AIM OF THE EXERCISE
From the records below, print exactly the lines starting at the one containing "Exterior - 1002" and ending at the one containing "The Rich Hotel", ends included, and nothing else.

SOURCE RECORDS
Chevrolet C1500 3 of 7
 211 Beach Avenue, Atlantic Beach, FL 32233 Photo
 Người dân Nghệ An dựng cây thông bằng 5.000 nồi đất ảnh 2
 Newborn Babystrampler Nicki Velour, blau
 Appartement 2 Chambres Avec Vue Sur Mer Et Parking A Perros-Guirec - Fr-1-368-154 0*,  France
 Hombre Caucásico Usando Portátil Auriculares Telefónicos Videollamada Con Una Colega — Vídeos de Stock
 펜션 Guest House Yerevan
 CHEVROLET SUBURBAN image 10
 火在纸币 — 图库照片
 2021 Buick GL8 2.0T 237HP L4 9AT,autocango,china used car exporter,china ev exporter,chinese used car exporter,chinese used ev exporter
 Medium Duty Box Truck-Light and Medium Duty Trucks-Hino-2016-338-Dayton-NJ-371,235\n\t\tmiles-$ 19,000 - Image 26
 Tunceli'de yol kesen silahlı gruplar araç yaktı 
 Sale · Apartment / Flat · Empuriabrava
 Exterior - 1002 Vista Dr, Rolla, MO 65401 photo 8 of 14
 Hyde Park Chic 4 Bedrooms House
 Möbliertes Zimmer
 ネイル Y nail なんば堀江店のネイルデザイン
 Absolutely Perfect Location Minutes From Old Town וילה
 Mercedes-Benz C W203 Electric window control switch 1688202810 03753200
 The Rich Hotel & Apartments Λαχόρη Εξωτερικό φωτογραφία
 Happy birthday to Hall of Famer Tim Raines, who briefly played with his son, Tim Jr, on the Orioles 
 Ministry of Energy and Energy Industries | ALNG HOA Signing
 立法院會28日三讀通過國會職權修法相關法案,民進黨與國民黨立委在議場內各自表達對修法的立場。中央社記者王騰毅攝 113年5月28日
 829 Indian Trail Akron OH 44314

EXERCISE OUTPUT
 Exterior - 1002 Vista Dr, Rolla, MO 65401 photo 8 of 14
 Hyde Park Chic 4 Bedrooms House
 Möbliertes Zimmer
 ネイル Y nail なんば堀江店のネイルデザイン
 Absolutely Perfect Location Minutes From Old Town וילה
 Mercedes-Benz C W203 Electric window control switch 1688202810 03753200
 The Rich Hotel & Apartments Λαχόρη Εξωτερικό φωτογραφία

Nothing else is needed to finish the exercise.